The second and third graph show the number of lost packets in each direction. Lost packets are only accounted for connections that have been seen on both devices. Depending on the installation point and routing setup, connections might be not be routed to the second device on purpose. These connections are not accounted as loss on the other device. The second graph accounts all packets that have been seen on the remote device, but are missed on the main device. That means that those packets got loss on its way to the main device. Accordingly, the third graph accounts all packets that have been seen on the main device, but are missed on the remote device. The graph also contains a line for packets that have been dropped by the client due to overload. If this value is not zero, those packets are accounted as packet loss even though it might not be actually losses. For correct measurements, make sure the graph for remote packet drops is never non-zero. These drops may happen due to several reasons:

  1. System capture overload: If multiple captures are running in parallel, the CPU might be overloaded. Check the All tab in the Capture page to see how many captures are running. In best case there is only the one capturing connection to the main device.
  2. The capturing connection is encrypted with SSL. The small Allegro 200 has a limited encryption capacity so for large traffic this can be a bottleneck. The only solution is to use a more powerful Multimeter.
  3. Capture drops can also occur if the network connection is not capable of transferring the data fast enough. Rule of thumb is that approximately 5% of the total traffic is used for the measurement connection. For example, if the traffic is 500 MBit/s, the measurement requires ~25 MBit/s of bandwidth on the management port.

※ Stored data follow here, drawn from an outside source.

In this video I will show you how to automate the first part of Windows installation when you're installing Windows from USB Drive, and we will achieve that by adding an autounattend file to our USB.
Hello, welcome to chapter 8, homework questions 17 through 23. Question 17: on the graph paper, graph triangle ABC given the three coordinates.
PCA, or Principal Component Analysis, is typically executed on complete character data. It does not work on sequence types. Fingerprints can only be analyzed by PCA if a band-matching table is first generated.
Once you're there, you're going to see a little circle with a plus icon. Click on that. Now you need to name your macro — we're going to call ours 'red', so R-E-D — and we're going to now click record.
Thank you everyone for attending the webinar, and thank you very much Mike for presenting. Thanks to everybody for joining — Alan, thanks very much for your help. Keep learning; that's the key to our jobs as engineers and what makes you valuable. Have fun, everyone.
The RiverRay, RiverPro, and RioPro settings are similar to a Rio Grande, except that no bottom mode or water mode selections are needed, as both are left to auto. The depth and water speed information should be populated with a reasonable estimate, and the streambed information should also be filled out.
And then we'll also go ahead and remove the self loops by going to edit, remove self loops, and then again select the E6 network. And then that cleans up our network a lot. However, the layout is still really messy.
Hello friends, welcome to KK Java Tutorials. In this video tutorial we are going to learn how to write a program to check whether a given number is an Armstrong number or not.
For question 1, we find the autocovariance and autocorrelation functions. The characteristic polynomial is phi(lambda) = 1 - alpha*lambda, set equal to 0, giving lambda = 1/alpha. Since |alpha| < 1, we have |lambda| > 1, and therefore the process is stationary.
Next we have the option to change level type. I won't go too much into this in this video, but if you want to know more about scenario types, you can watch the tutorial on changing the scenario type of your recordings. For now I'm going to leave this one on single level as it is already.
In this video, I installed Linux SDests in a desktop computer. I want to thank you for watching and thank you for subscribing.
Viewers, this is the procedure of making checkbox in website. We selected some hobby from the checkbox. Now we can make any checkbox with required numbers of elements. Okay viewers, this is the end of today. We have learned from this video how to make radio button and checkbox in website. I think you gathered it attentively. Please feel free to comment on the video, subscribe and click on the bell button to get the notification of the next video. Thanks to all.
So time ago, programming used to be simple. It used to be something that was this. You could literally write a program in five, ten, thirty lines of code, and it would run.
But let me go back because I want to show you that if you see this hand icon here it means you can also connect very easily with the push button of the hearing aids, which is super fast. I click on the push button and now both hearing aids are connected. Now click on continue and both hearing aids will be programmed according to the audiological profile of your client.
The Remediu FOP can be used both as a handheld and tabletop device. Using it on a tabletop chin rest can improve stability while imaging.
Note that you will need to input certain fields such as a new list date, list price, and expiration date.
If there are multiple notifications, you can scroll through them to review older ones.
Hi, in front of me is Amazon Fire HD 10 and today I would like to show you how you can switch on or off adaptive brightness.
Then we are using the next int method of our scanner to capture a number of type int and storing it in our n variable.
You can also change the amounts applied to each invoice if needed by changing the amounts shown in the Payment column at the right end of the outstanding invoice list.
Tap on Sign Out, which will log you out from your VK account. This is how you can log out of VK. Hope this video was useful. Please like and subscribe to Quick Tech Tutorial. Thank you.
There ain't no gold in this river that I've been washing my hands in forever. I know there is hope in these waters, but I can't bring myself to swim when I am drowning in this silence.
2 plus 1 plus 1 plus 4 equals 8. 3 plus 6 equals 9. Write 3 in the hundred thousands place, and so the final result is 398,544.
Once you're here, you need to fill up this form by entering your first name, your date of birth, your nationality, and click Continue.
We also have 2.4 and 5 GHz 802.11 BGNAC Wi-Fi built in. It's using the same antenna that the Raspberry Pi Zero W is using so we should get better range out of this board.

The fourth graph shows all packets that are monitored for the path measurement. This will cover all connections that have been seen on both devices.

IP statistics

The second tab shows packet loss information for each pair of IP addresses. This statistic covers all IP connections that has been seen on both measurement sides. The table shows the number of packets that have been counted for each communication pair. Additionally the number of packets seen on the main device and the corresponding packet loss is shown. The same statistics are shown for the client device too. You can click on the IP address to go to the detailed statistics of the IP module to check which kind of traffic was happening for that IP. Two graphs are shown for each IP pair which shows the packet loss for both direction on one graph and the total packets in the second graph. There is also a capture button to capture traffic for the IP pair. The captured traffic is only the traffic seen on the main device, it will not contain any packet from the client device as the main device does not have the packet data information available. To capture traffic from the client device, you have to go to the web interface of the client device and start a capture on that device.

The IP pair table also show the two-way latencies for the traffic of each IP pair, if the corresponding toggle is selected above the table. In single-device mode, also the one-way latency is shown.

For each IP, there is also a link to the IP connections. If enabled, each individual IP connection also stores the latencies for more detailed view.

Switching graph modes

The toggle buttons above the graphs allow to switch the graph modes from absolute values to relative values. This setting will show the lost packets in relation to the total (monitored) traffic. The second option allows to show mbit/s throughput instead of the packet rate.

Limitations

There are some limitations about the path measurement:

  1. Due to technical reasons, large clock adjustments cannot be filtered out. So in such cases, a very large two-way-latency is measured. Both devices need not be time synchronized per se, however, considerable time differantiation must be avoided. This means that time synchronization (e.g. NTP/PTP) should either be enabled or disabled on both devices for best results. Clock differantiation miss-measurements are however one-time events, and will not lead to false values for the following packets.
  2. The maximum supported packet size for the path measurement is currently 2048 bytes. Larger packets are truncated for the measurement.
  3. NAT setups and different VLAN combinations on main and client are not supported at the moment. Such flows will be accounted as unmonitored flows in the debug view.
  4. WAN optimizer and similar devices which rewrite some of the traffic are not supported either. If packet data is changed (like modifying the TCP header, adding TCP options, etc) the flow will account packet loss on both sides as the original packets are not seen on the other side. If the device in between also modifies the IP addresses or ports, the flows will be accounted as unmonitored.
  5. The global setting for the packet length accounting should be set to the same value on both devices. Otherwise identical packets might be considered different because of different length and the bandwidth information will be inconsistent.

Typical use cases

See Analyze connections between remote sites to get a detailed overview of use cases and device setup.

Debug information

The debug information tab shows additional statistics which are usually only relevant for identifying problems in the path measurement, either program errors or test setup errors.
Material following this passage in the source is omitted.